The require form contains a sequence of require specifications. A require specification can be a string, which is interpreted as a path to a file relative to the location of the source file. It can also be an unquoted identifier, in which case it refers to an installed library (a collection). For example, (require "my-helpers.rkt") refers to a file in the same directory, and (require net/url) loads bindings from a library that has useful code for dealing with the Web. Each of these will import all bindings that are exported (using provide) from the specified module. There are variations to only import certain bindings, to rename or prefix imported bindings to avoid clashes with identifiers in the importing module, and to exclude certain bindings from the imported set.

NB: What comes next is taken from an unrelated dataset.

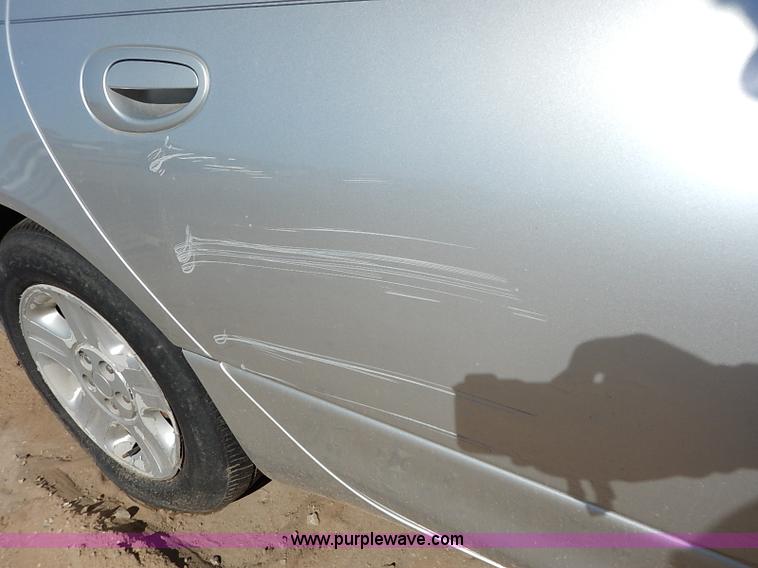 image for item I5365 2002 Dodge Intrepid SE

The top-level expressions in a module are evaluated and the resulting values printed in the Interactions window when that module is run from the Definitions window. If the module is required by means of a require expression that is evaluated, the expressions in the required module are evaluated, but their values are not printed.

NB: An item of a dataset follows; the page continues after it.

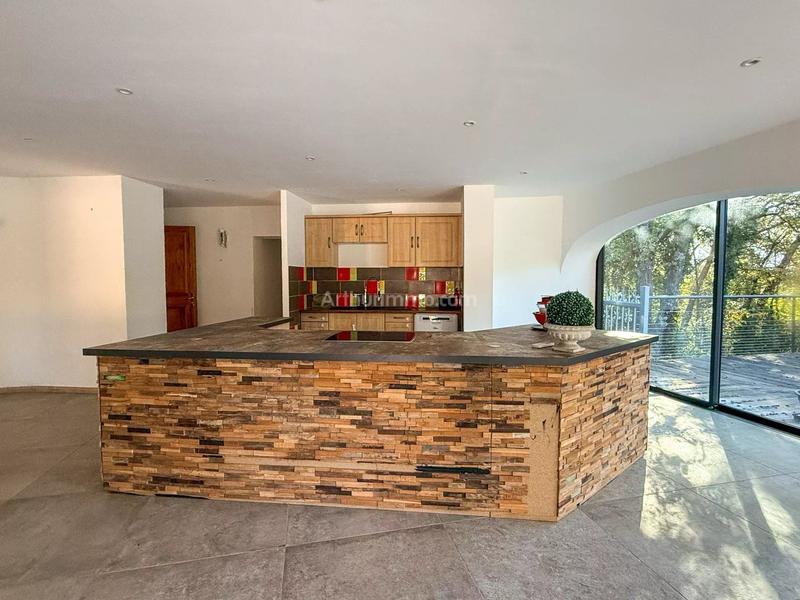 Maison - 174 m² - 5 pièces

Racket supports submodules, with a couple of useful special cases. If a module has a main submodule, and the module is run, the main submodule is run afterwards. This does not happen when the module is required. If a module has a test submodule, that submodule is not run when the module is run, but it can be run from the command line.
Modules, and the forms described above, are more general than described here, but this brief introduction covers the majority of uses. Racket documentation for a library module usually starts with the require expression needed in your code. Racket’s package mechanism provides access to additional libraries that may not be installed by default. For details, see Package Management in Racket.
1.9 Testing
You can do on-the-fly testing by typing expressions into DrRacket’s Interactions window. If these expressions are put into the program in the Definitions window, they will be evaluated each time the program is run. But then you have the problem of matching computed values to expected values. If these are paired up in expressions, using an equality predicate, you can look for occurrences of false in the evaluated results to find mismatches. String values can be used to label each test.

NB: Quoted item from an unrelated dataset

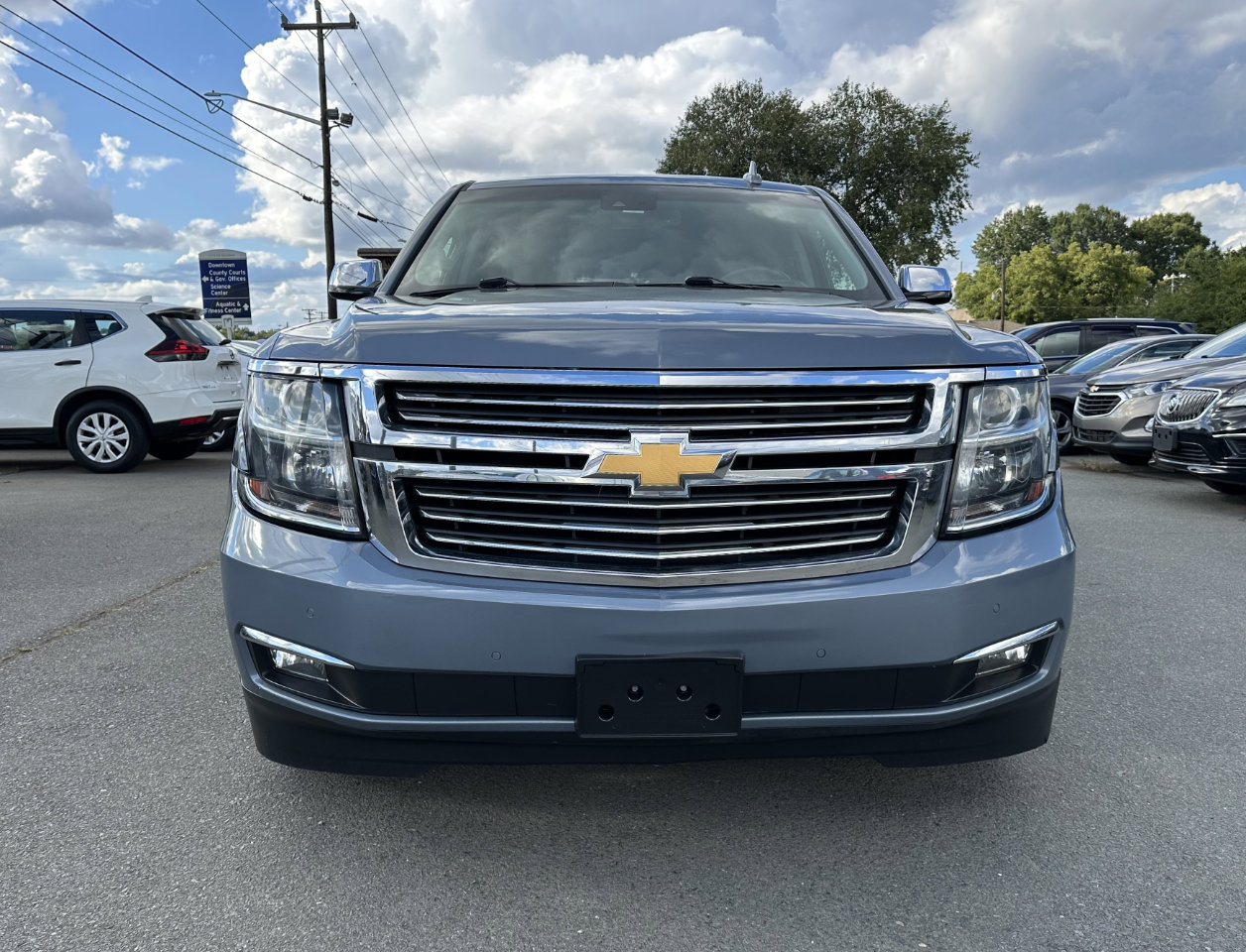 Used 2016 Chevrolet Suburban LTZ image 2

"factorial test" (= (factorial 5) 120) "integer-to-string test" (string=? (integer-to-string "32") "thirty-two")
The teaching languages provide a testing framework with a nice graphical user interface. We can access this framework (though not the GUI) by requiring the module test-engine/racket-gui. We can then use the imported check-expect form to rewrite the above tests.
(check-expect (factorial 5) 120) (check-expect (integer-to-string "32") "thirty-two")
A check-expect expression is not evaluated immediately (which allows such expressions to be part of documentation that precedes a function definition). Evaluation of all such expressions is triggered by the following expression:
(test)
This produces a detailed report for all failed tests (including line number, expected value, and computed value) in a separate window. If, instead, we require the module test-engine/racket-tests, the report is produced in the Interactions window (or written to standard output, if the command-line version of Racket is used).
The testing modules also provide check-error, which checks if its single argument expression produces an error when evaluated; check-within, used to test whether an inexact computed value is within a certain tolerance of an expected value; and check-member-of, which permits several possible expected values.
The testing modules are really intended for beginners. Proper unit tests are provided by the module rackunit which, when combined with submodules as described above, provide effective testing for large developments.